Reputation: 17676
How can use fuzzy matching in pandas to detect duplicate rows (efficiently)
How to find duplicates of one column vs. all the other ones without a gigantic for loop of converting row_i toString() and then comparing it to all the other ones?
Upvotes: 6
Views: 8738
Reputation: 401
pandas-dedupe is your friend here. You can try to do the following:
import pandas as pd
from pandas_deudpe import dedupe_dataframe
df = pd.DataFrame.from_dict({'bank':['bankA', 'bankA', 'bankB', 'bankX'],'email':['email1', 'email1', 'email2', 'email3'],'name':['jon', 'john', 'mark', 'pluto']})
dd = dedupe_dataframe(df, ['bank', 'name', 'email'], sample_size=1)

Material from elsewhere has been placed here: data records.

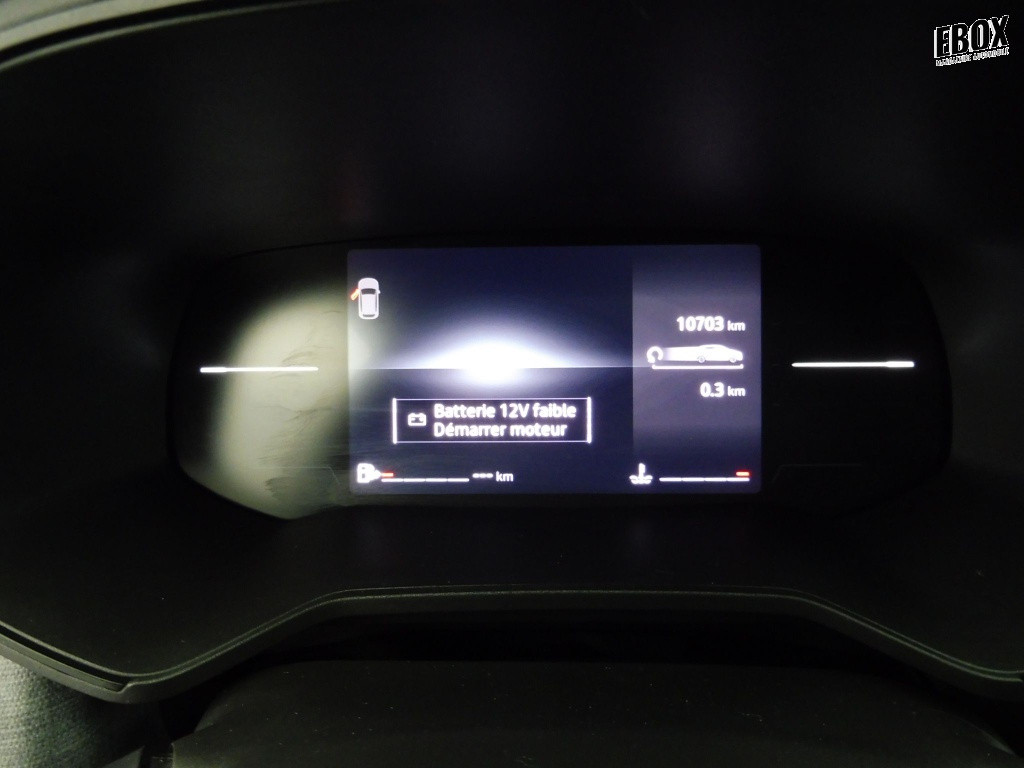 72426_p51 - RENAULT - CLIO - 2025 - photo 8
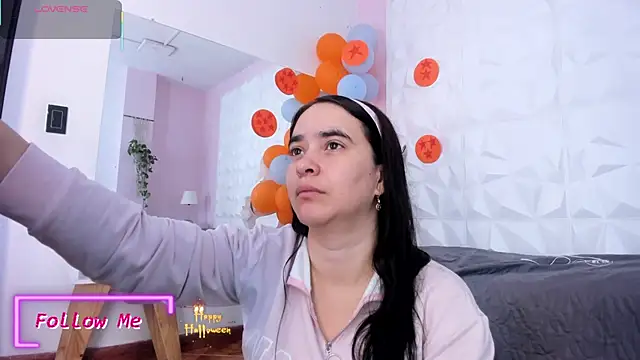 Valeriagomez  online show from 10-31-25, 12:17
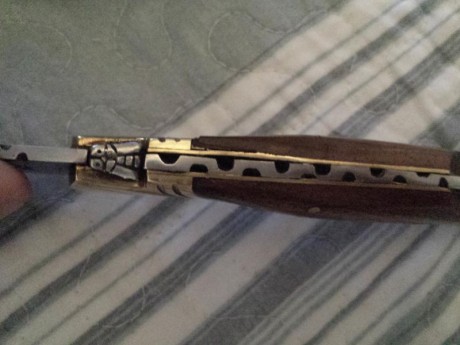 Hola a todos , un familiar me pide que le ponga a la venta 2 navajas y un cuchillo , el cuchillo es nuevo 12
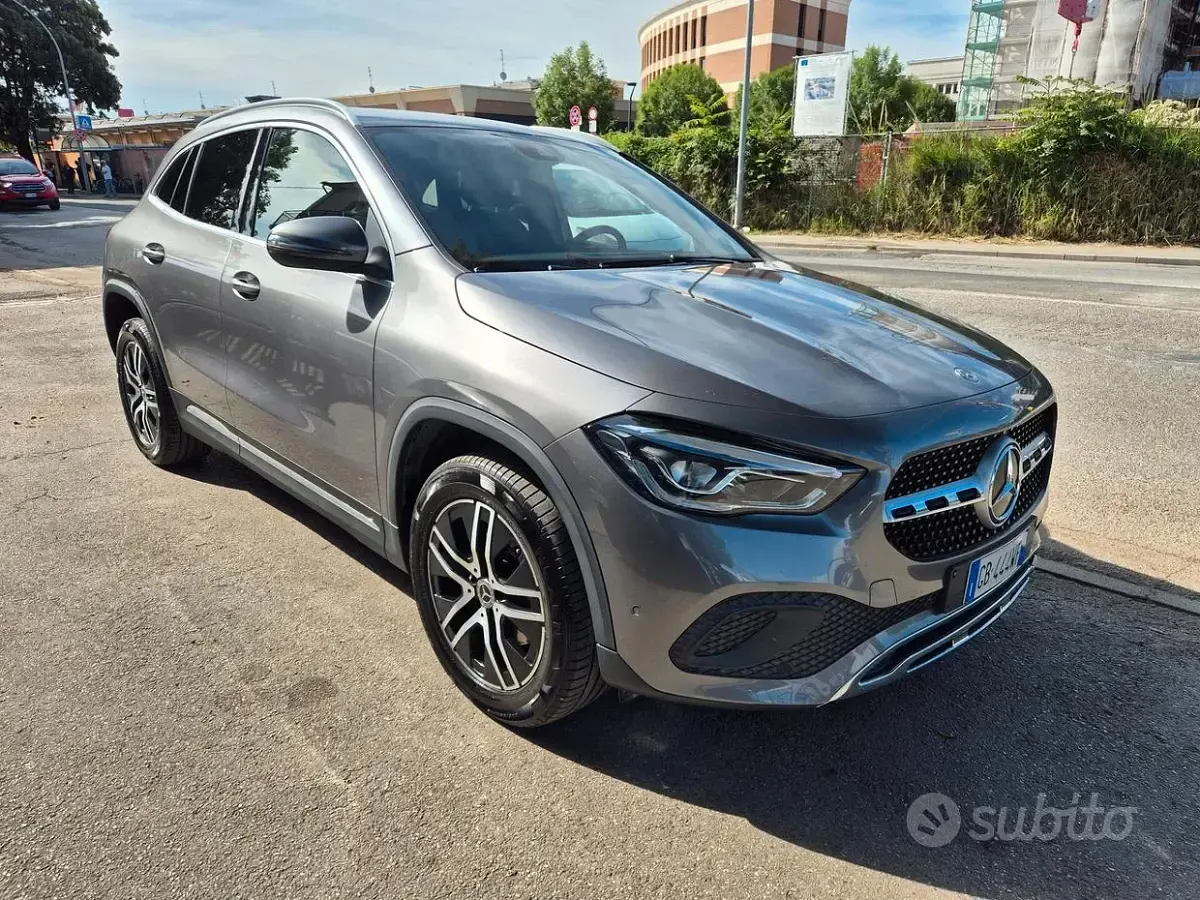 Usata Mercedes GLA180 Business 116 CV (85 kW) 2020 Grigio SUV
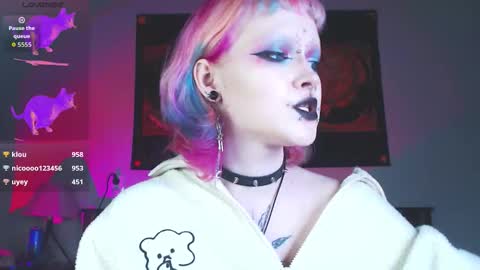 Nicole online show from 12/20/25, 11:56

If you also want to set a canonical name to same entitites, set canonicalize=True
.
[I'm one of pandas-dedupe contributors]
Upvotes: 2
Reputation: 3249
There is now a package to make it easier to use the dedupe library with pandas: pandas-dedupe
(I am a developer of the original dedupe library, but not the pandas-dedupe package)
Upvotes: 0
Reputation: 3249
Not pandas specific, but within the python ecosystem the dedupe python library would seem to do what you want. In particular, it allows you to compare each column of a row separately and then combine the information into a single probability score of a match.
Upvotes: 6